One of the most frequent questions I’m asked is "What’s the average multiple of gross revenue for a financial services practice? Is it 2.0 times trailing 12 months GR/GDC, or 2.2, or higher?" My response is, "That’s like asking for the average value per square foot of a home in Portland, Oregon, or wherever you live. A big home or a small one? Old or new? Remodeled or a fixer-upper? Great view, lots of privacy, or backing up to a major freeway? Wood siding or stone? Yes, there is an answer to the question, and I’ll give it to you, but it bears no relevance to your situation."

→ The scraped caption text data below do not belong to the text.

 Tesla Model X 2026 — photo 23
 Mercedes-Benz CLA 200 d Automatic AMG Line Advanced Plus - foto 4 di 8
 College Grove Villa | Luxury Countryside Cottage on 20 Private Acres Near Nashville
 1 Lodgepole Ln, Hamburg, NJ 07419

Gross revenue multipliers — or industry "rules of thumb" — oversimplify the complexity and diversity of advisory practice models, thereby overvaluing some practices while grossly undervaluing others, often by as much as 30% to 40%. Professional appraisals, using traditional valuation methods such as income and asset approaches, as would be applied to a manufacturing business or wholesale bakery, have long ignored many of the subtleties involved in evaluating a financial advisory business, such as the transition risk or the demographic qualities of the client base being transferred. Undervaluing or improperly valuing a financial advisory practice has profound implications on succession planning, including issues related to life insurance, family business perpetuation, internal sales, buy-sell agreements, partnership buy-outs, and more.

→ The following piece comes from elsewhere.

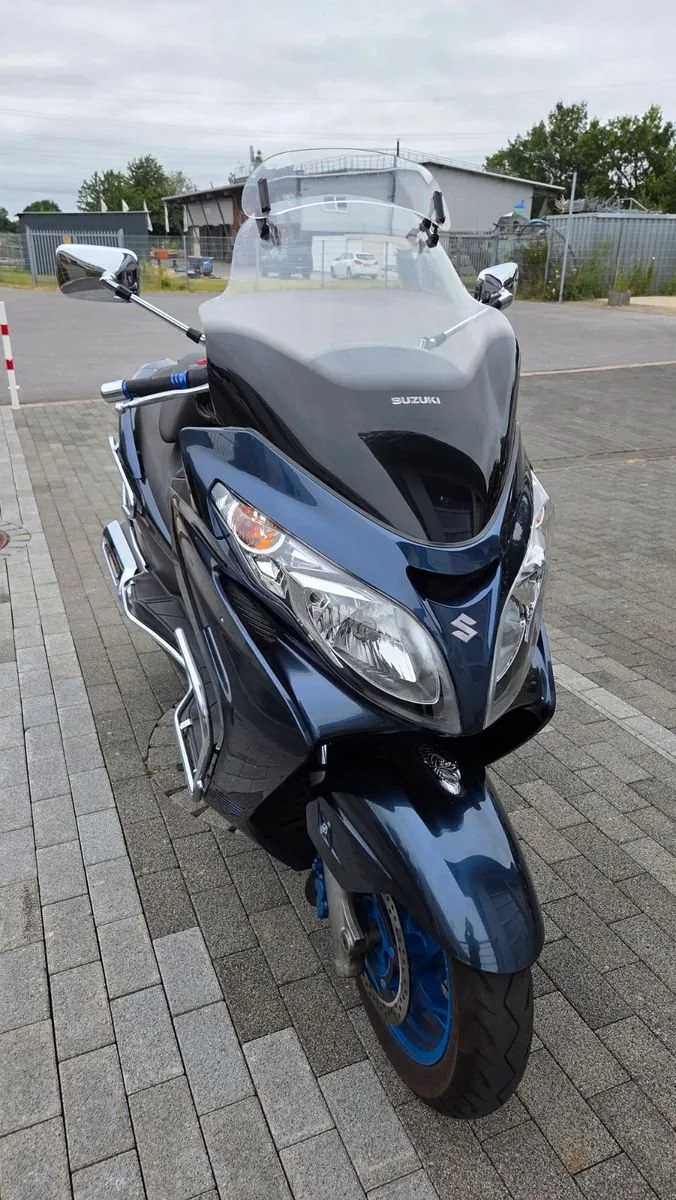 Suzuki Burgman 400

Over the past few years, practice value and valuation have been part of a rapidly changing landscape, as the financial services industry has shifted from theory to practice. The independent side of the industry has witnessed an evolution in valuation approaches, moving away from simple gross revenue multiples towards a more comprehensive approach that takes into account many of the complexities in valuing a privately held independent financial services practice. At the same time, the new methods have reduced the cost of an accurate, industry-specific valuation to around $1,000.
Today, the value of a financial advisory practice is determined by analyzing a broad range of parameters over three major indexes: Transition Risk, Cash Flow Quality, and Marketplace Demand. In addition, deal terms and length of financing are taken into consideration to produce a final, realistic, market-generated value. The best news is that there is now a sufficient body of comparable sales data on privately held financial service businesses to accurately determine value.
As I’ve said in my previous postings, equity management, or professionally managing the equity in your business large or small, starts and revolves around determining and monitoring value. If you don’t understand what your business is worth, and why it is worth that amount, the rest of your practice management goals quickly become irrelevant. Value and valuation is the single most important thing to know as a business manager. Do it right.